HORMONES IMPLIQUÉES DANS LA RÉGULATION PHOSPHOCALCIQUE

De très nombreuses hormones régissent l’équilibre ­phosphocalcique, dont trois principales : le calcitriol issu du groupe vitaminique D, la PTH et la calcitonine (figure 1).

1. Calcitriol

Le calcitriol est la molécule active de la vitamine D qui se forme à la suite d’une double hydroxylation, en C25 par le foie et en C1a par le rein (encadré 1 complémentaire sur http:\\www.lepointveterinaire.fr).

Le calcitriol est hypercalcémiant et hyperphosphatémiant : il accroît l’absorption intestinale du calcium (Ca), du phosphore (P) et du magnésium (Mg), et leur réabsorption rénale. Il libère également du Ca et du P osseux en activant les ostéoclastes.

Le rôle du calcitriol (structure et action voisines des hormones stéroïdes) ne se limite pas à l’équilibre phosphocalcique.

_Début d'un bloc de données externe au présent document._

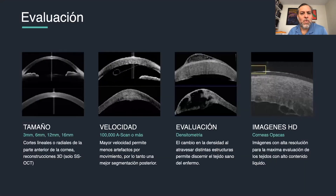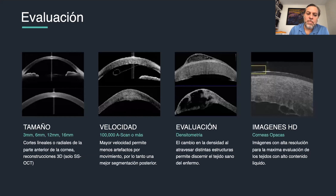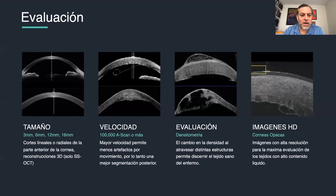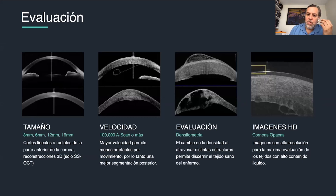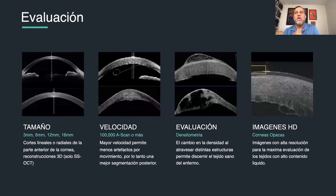Looking at clinical applications, you can perform B-scan evaluation of the anterior segment with 3 mm, 6 mm, 12 mm, and 16 mm lines — covering the whole cornea and even the eyelids. Speed is crucial: time domain OCT started at ~2,000 A-scans/second, spectral domain reached 50,000 A-scans/second, and swept source can do up to 100,000 A-scans/second — faster acquisition means less background noise and fewer ghost images.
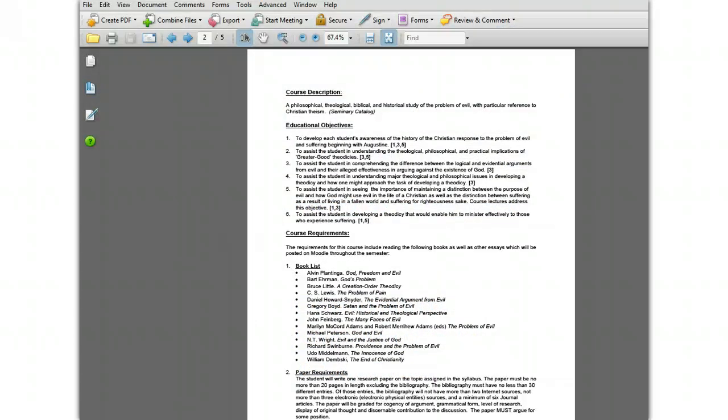This tutorial will show you how to create and manage one-click presets for the Lanier multi-function copier printer. Presets can help you quickly print a document using the settings you normally prefer. You can set up several presets for different types of documents and print jobs that you regularly do.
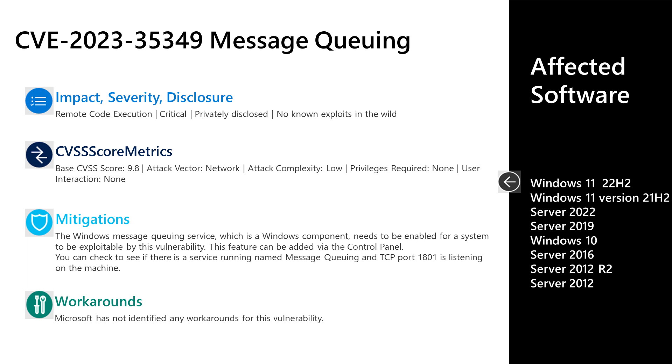There are no documented workarounds for this. As far as the affected software, it's all versions of Windows that are currently in support, whether that's Windows 10 through 11, Server 2012, through Server 2022.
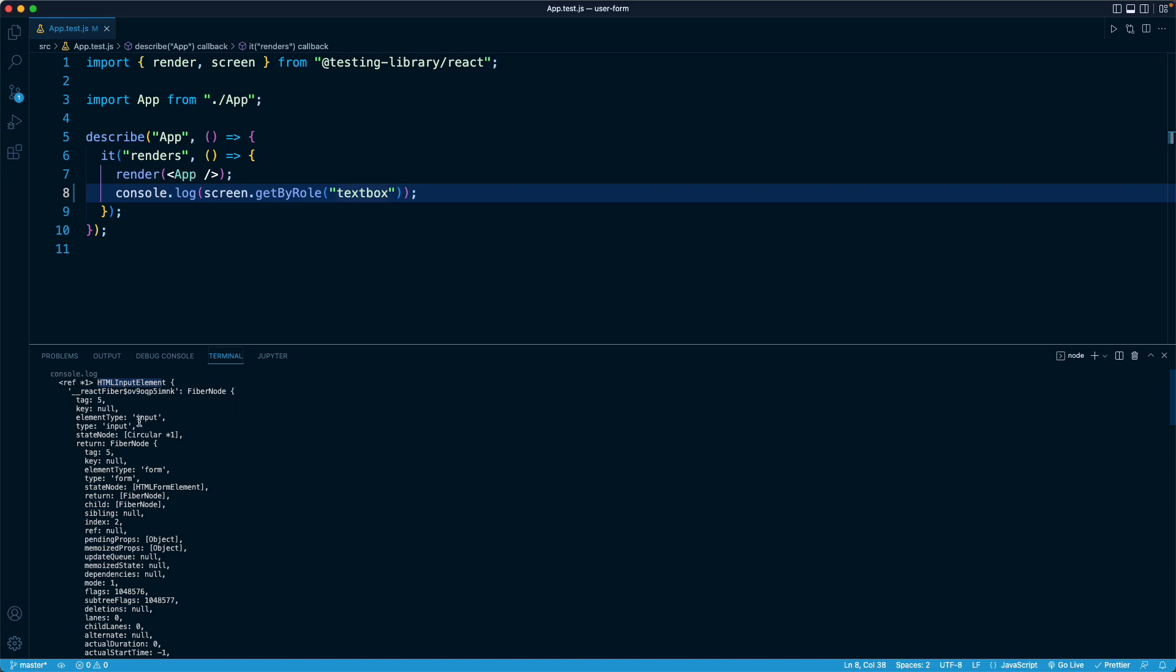All right. So this is a good sign because if you see something in the console log, that means that the method has worked and it has successfully located an element of that type of role.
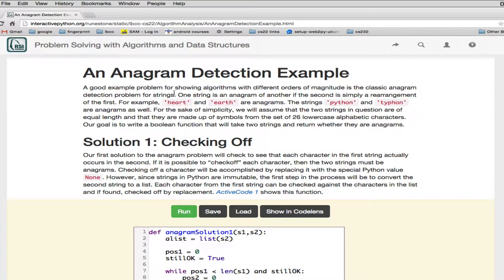We're going to look at four examples of solving a particular problem, which will demonstrate the speed of each variation of how we solve it. This will give you an idea of what we're going to be doing the rest of the class as we look at different solutions for a problem. We're also going to show you one of the pitfalls of solving a problem that you have to look out for.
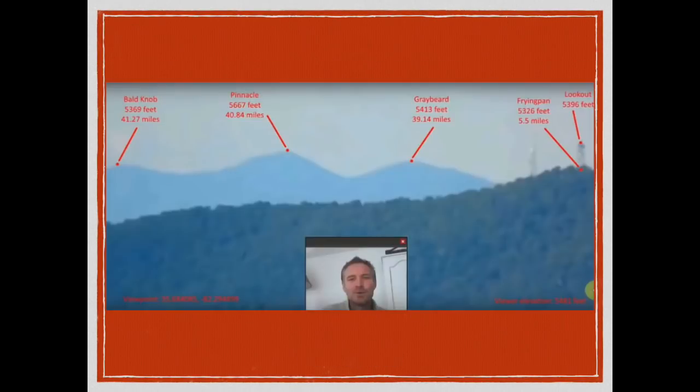Hey everybody, this is Bob the Science Guy. You may remember that I put this photograph up in a video about a week ago — it was just a short tutorial on how to analyze a photograph.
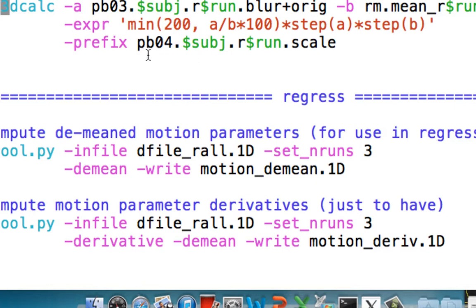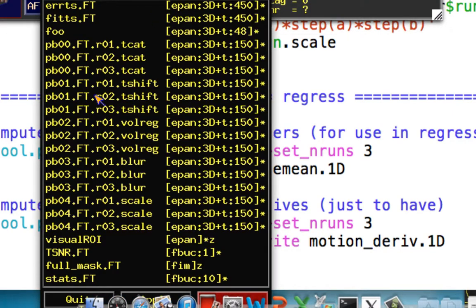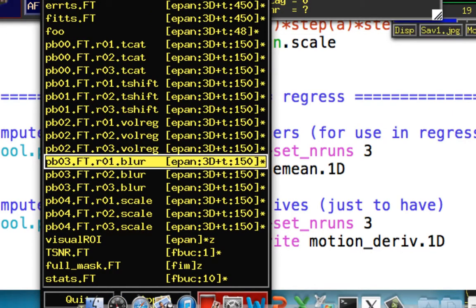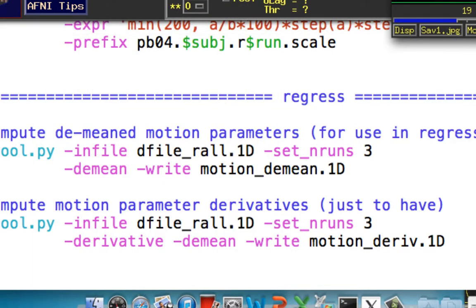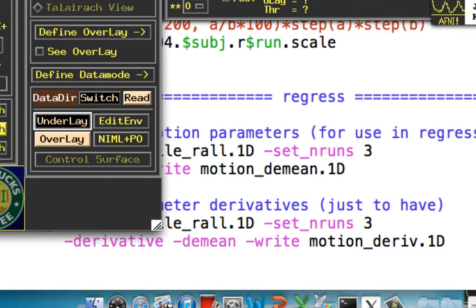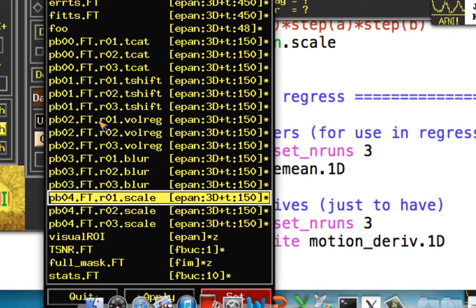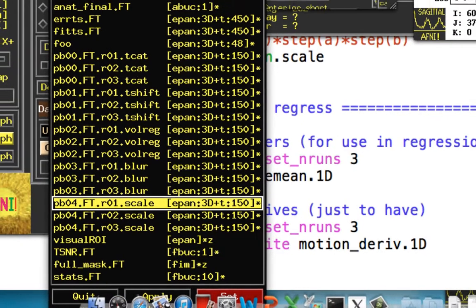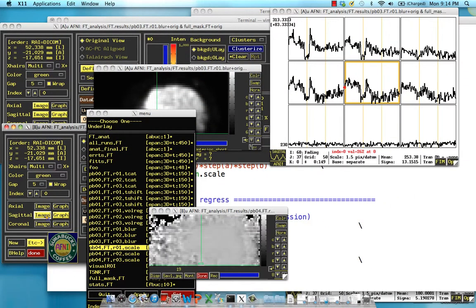So then it also puts this run.scale. So in this up above here, I'm going to put our blurred data set. Move the overlay, put the graph back up. So here's what it looked like. And down here, I'm going to put our underlay as this scaled data set. Let's see what that looks like.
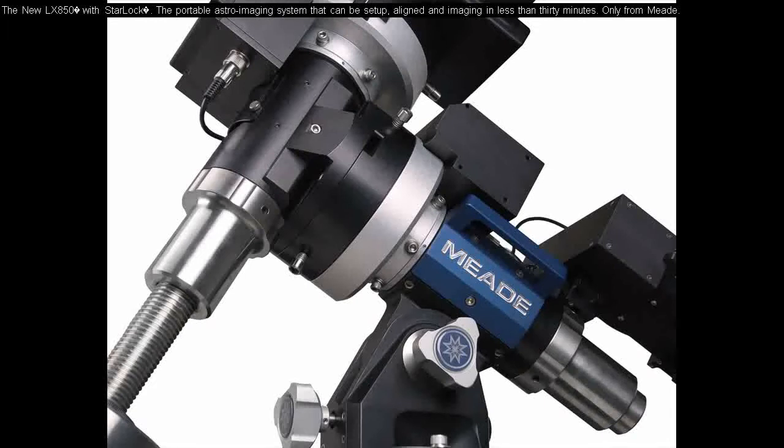The new LX850 with StarLock. The portable astro-imaging system that can be set up, aligned and imaging in less than 30 minutes. Only from Meade.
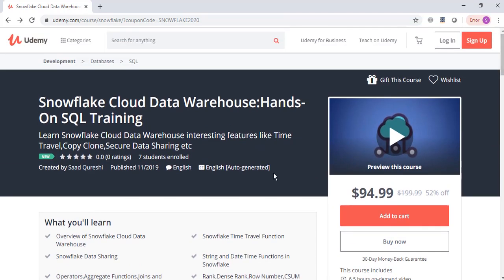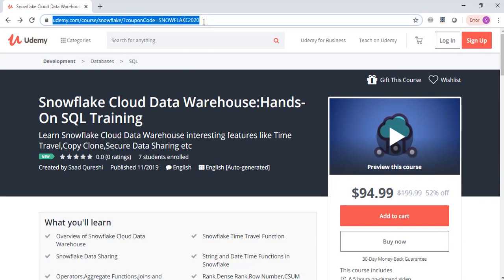So if you are interested to buy this course, you can purchase it from this particular link. I am mentioning this link in the video description. If you are interested, you can check out my course.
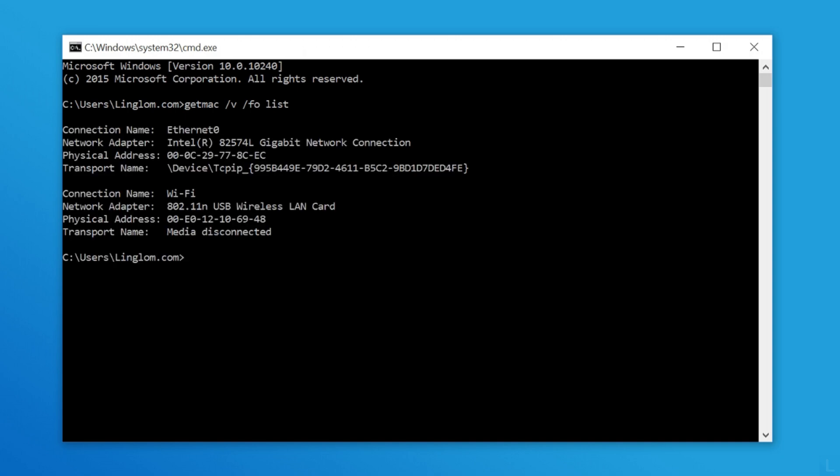It will list all network interfaces, including disconnected networks on your computer. And MAC address is the physical address.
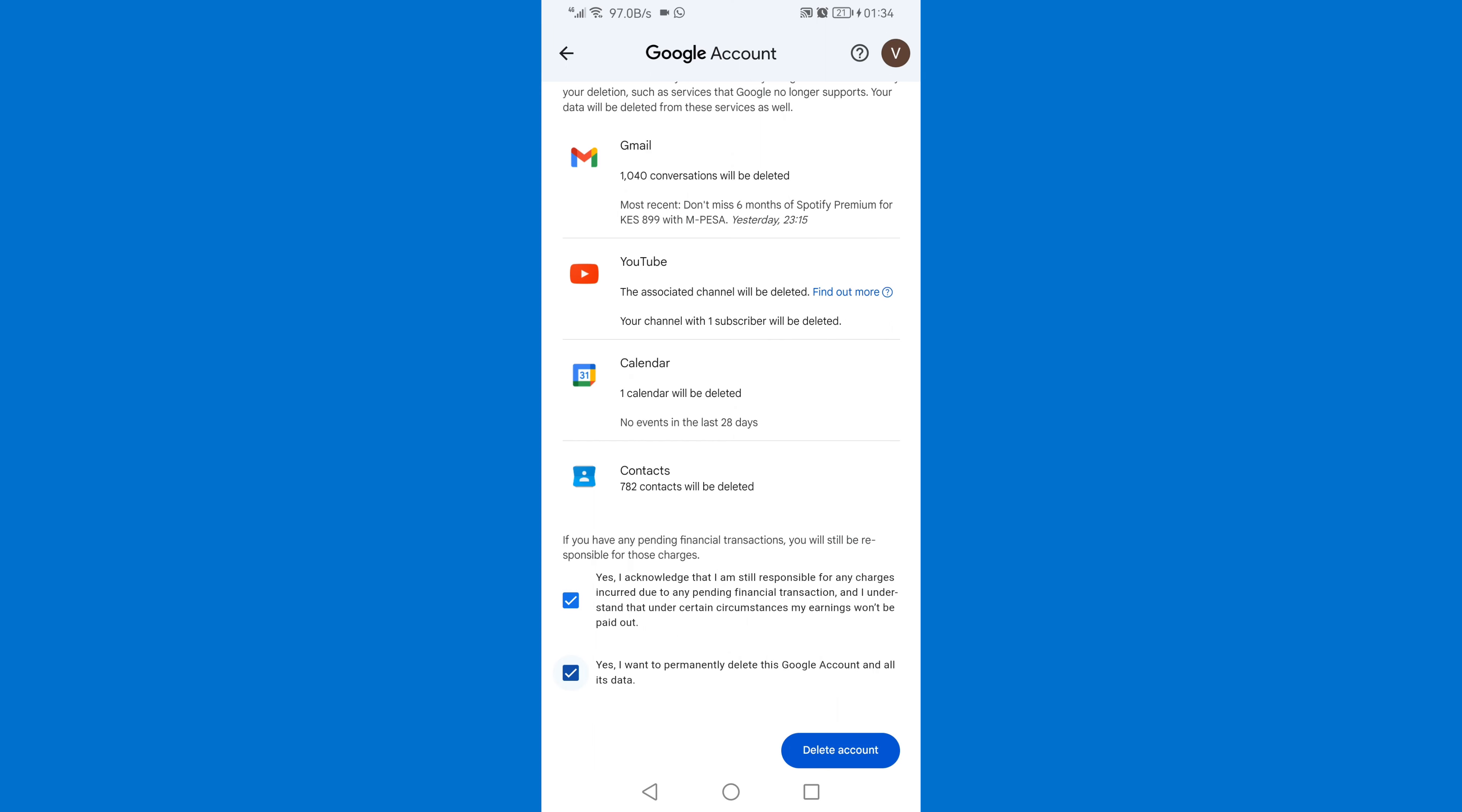Once you click Delete Account, this Gmail will be deleted permanently. There's no one who will be able to find it again, so be sure that once you delete your Gmail account it will be deleted permanently. I don't want to delete my Gmail account; I'm just showing you how to delete a Gmail account permanently.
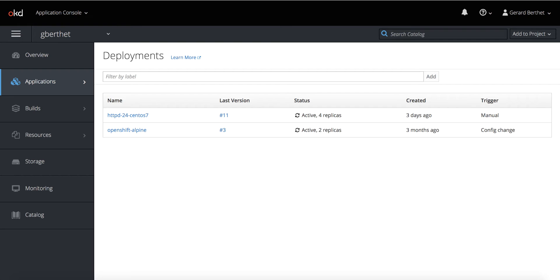This is the presentation of the tag-based service mapping feature of ServiceNow ITOM. We will be using an OpenShift deployment on AWS.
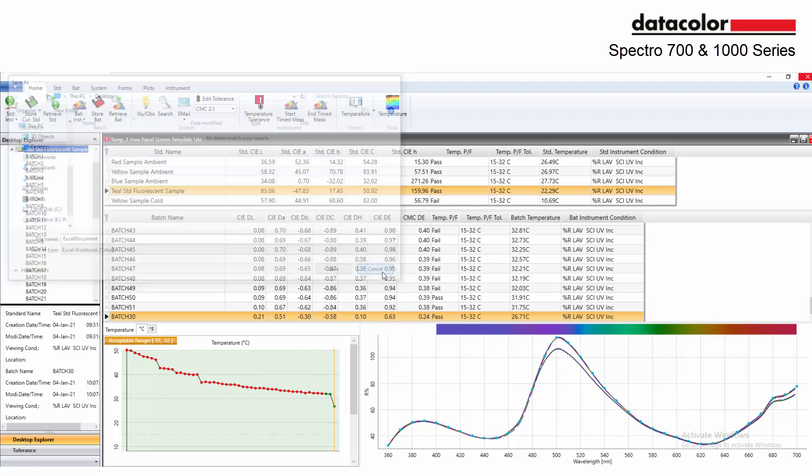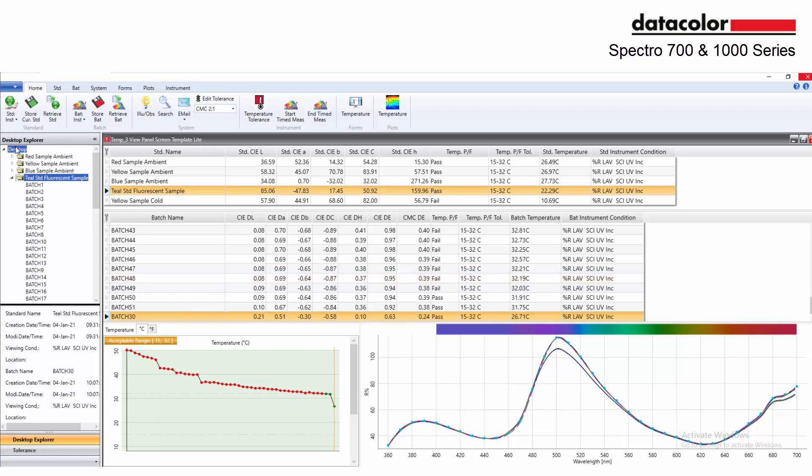The sample temperature can also be included in the QTX files and communicated to the supply chain as part of the digital color approval.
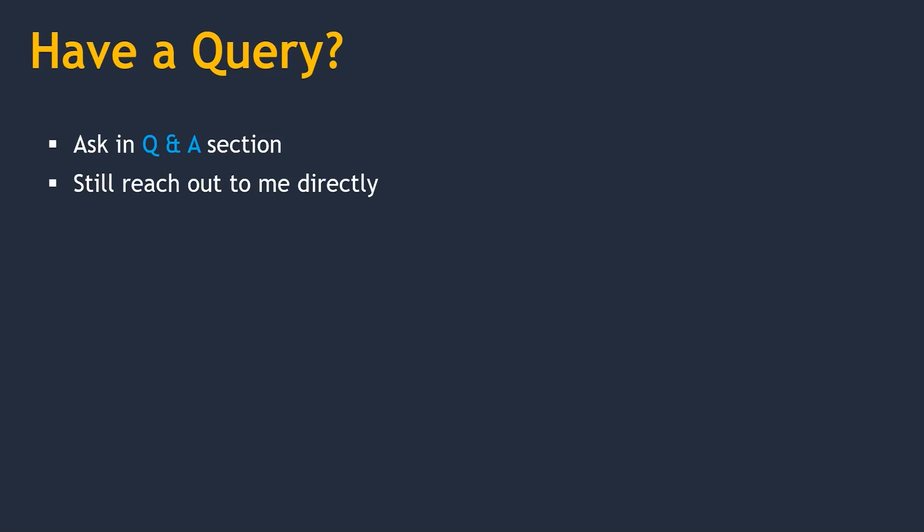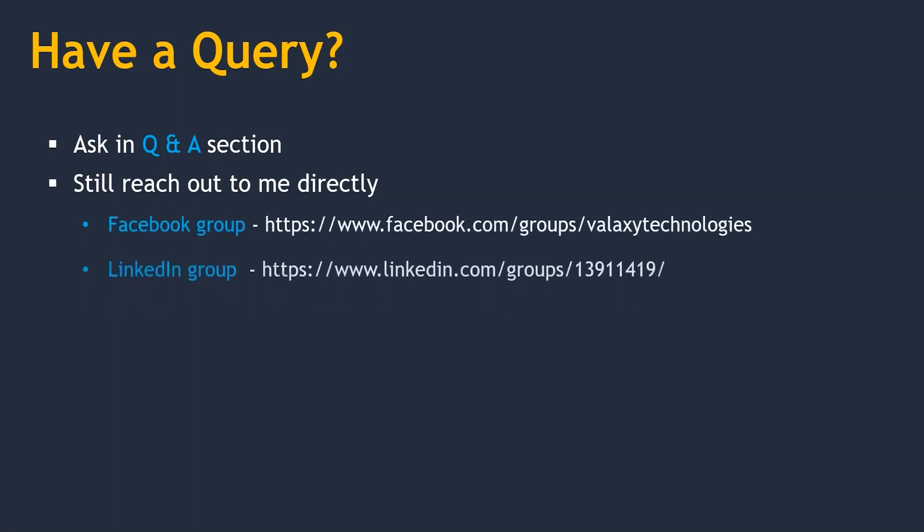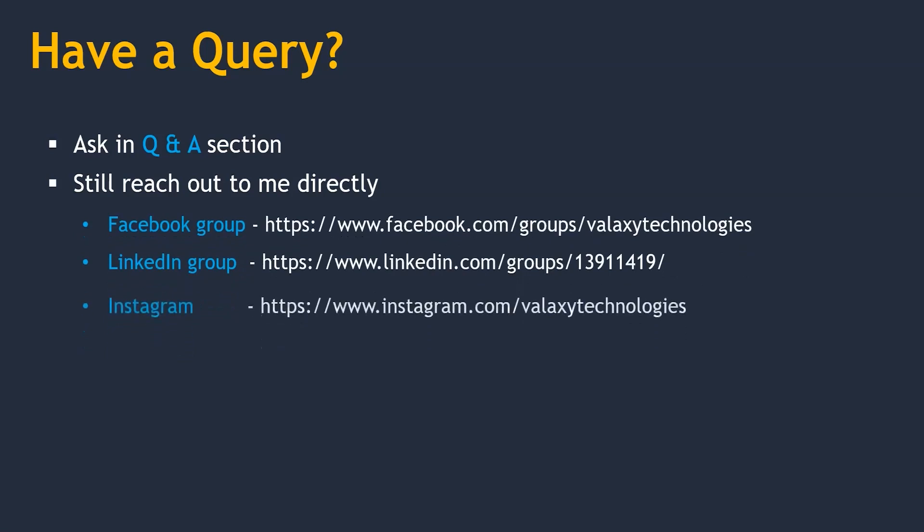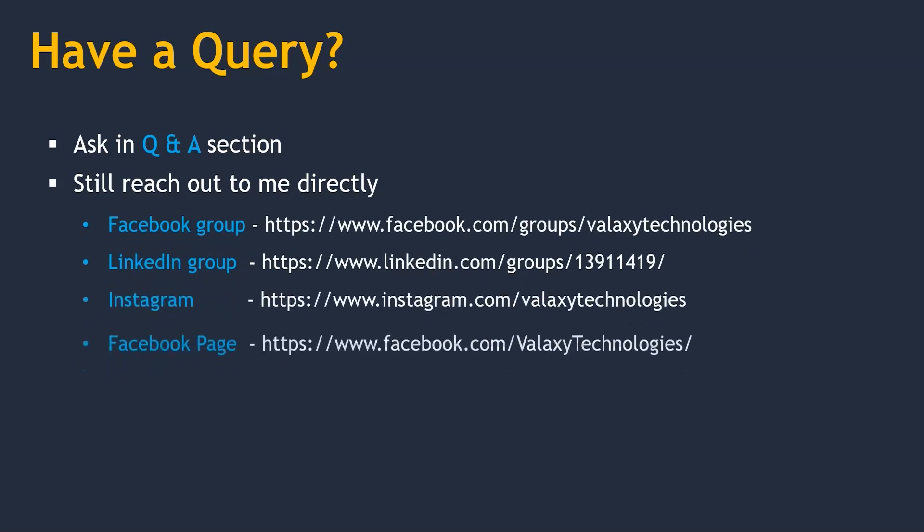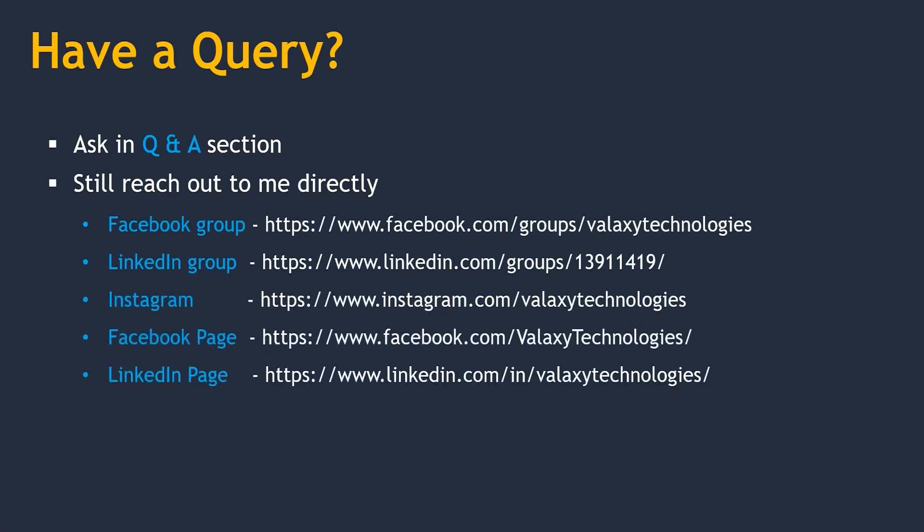If you still want to reach out to me directly, you can check out our social media platforms. We will be available over here if it is really necessary.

C’est un facteur de transcription génomique qui module la synthèse de nombreuses protéines régulatrices de l’activité cellulaire et des transports membranaires (intestin, rein), assurant une régulation de la prolifération et de la différenciation cellulaire. Il intervient aussi bien dans la régulation de la croissance et du poids que dans la stimulation de l’immunité [12, 20].

2. Parathormone

La PTH est sécrétée par les parathyroïdes. Elle augmente la synthèse du calcitriol et stimule directement la résorption osseuse libérant le Ca et le P. Cependant, son action principale est d’accroître l’élimination rénale du P, si bien que, globalement, elle est hypercalcémiante et hypophosphatémiante.

3. Calcitonine

La calcitonine est une hormone thyroïdienne (issue des cellules claires [C] et non des thyréocytes producteurs des hormones thyroïdiennes iodées). Elle accroît l’activité ostéoblastique entraînant la minéralisation osseuse, et baisse la réabsorption rénale du Ca et du P. Elle est hypocalcémiante et hypophosphatémiante.

4. Autres hormones

De nombreuses autres hormones (hormone de croissance, prolactine, insuline, insuline like growth factors [IGFs], progestérone et testostérone) ont un effet indirect sur la concentration sanguine du Ca et du P, en activant la production rénale de calcitriol. La synthèse de vitamine D active contribue à leur activité anabolisante. Au contraire, le fibroblast growth factor (FGF-23), stimulée par l’hyperphosphatémie, est un inhibiteur puissant de la résorbtion rénale des phosphates, de la PTH et de la production rénale de calcitriol [7].

ÉQUILIBRE PHOSPHOCALCIQUE

1. Calcémie

Le calcium total sanguin regroupe trois principales fractions :

- liée aux protéines (albumine et globulines) ;

- liée aux bicarbonates, mais aussi aux lactates, phosphates, citrates ou sulfates ;

- ionisée, dite « libre » (figure 2).

Seule la fraction ionisée est active. C’est la plus intéressante pour le diagnostic puisqu’elle est la seule disponible pour les échanges transmembranaires et ses effets cellulaires. Chez les animaux sains, elle représente environ la moitié de la calcémie totale.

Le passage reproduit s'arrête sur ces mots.